Amendment Sheppard It should be used if the distribution is close to normal, refers to a sign with the continuous nature of the variation, is constructed by a significant number of source data (N\u003e 500). However, based on the fact that in some cases both errors, acting in different directions compensate each other, can sometimes abandon the introduction of amendments.

The smaller the difference between the dispersion and the average quadratic deviation, the more unity the totality and the more typical will be the average value.
In practice, statistics often arises the need to compare variations of various signs. For example, great interest is a comparison of the variations of the age of workers and their qualifications, work experience and size wages, cost and profit, work experience and labor productivity, etc. For such comparisons, the indicators of absolute sections of signs are unsuitable: one cannot compare the amounts of work experience expressed in years, with wage variation expressed in rubles.

To carry out such comparisons, as well as comparisons of the variance of the same feature in several sets with different average arithmetic, the relative variation rate is used - the variation coefficient.

Structural middle

To characterize the central trend in statistical distributions It is not rarely rational together with an average arithmetic use a certain meaning of a sign X, which, due to certain features of the location, in a number of distribution can characterize its level.

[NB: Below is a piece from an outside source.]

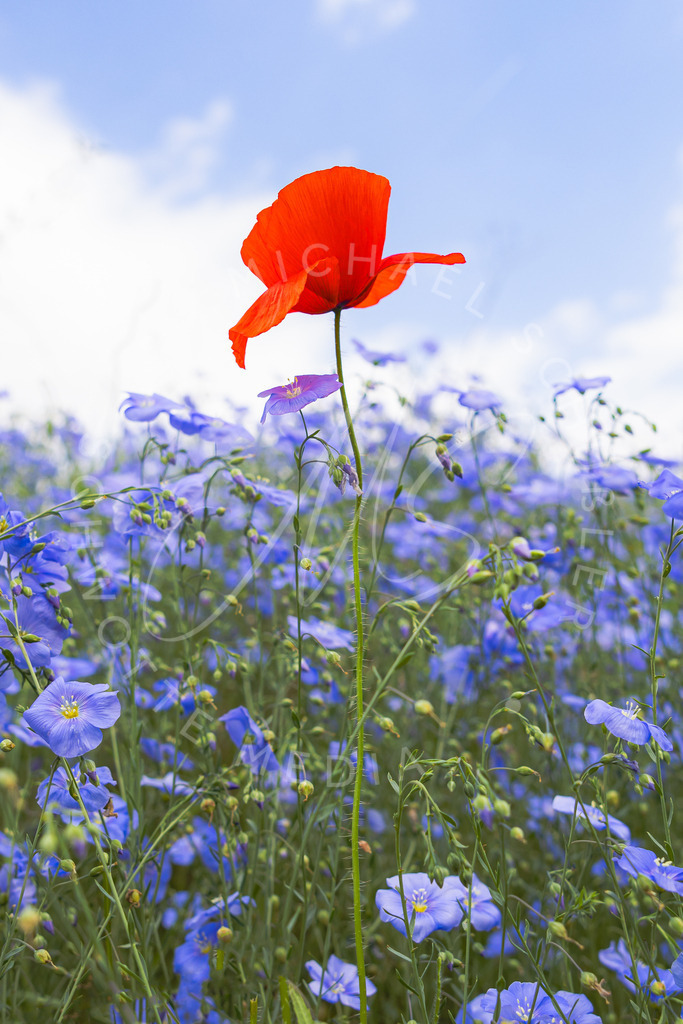 2022-05-13 Pusteblume Mohnblume - 010 | roter Mohn - hochkant - Realisiert mit Pictrs.com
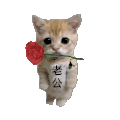 萌宠 猫咪 老公 呆萌 可爱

This is especially important when, in a number of distribution, the extreme signs of the sign have fuzzy boundaries. Concerning precise definition Middle arithmetic, as a rule, is not possible, or very difficult. In such cases, the average level can be determined by taking, for example, the value of the attribute that is located in the middle of a series of frequencies or which is most often found in the current row.

Such values \u200b\u200bdepend only on the nature of the frequency, i.e. from the distribution structure. They are typical at the location in a row of frequencies, so such values \u200b\u200bare considered as the characteristics of the distribution center and therefore obtained the definition of structural averages. They are used to study the internal structure and structure of the row of the distribution of the sign values. These indicators include.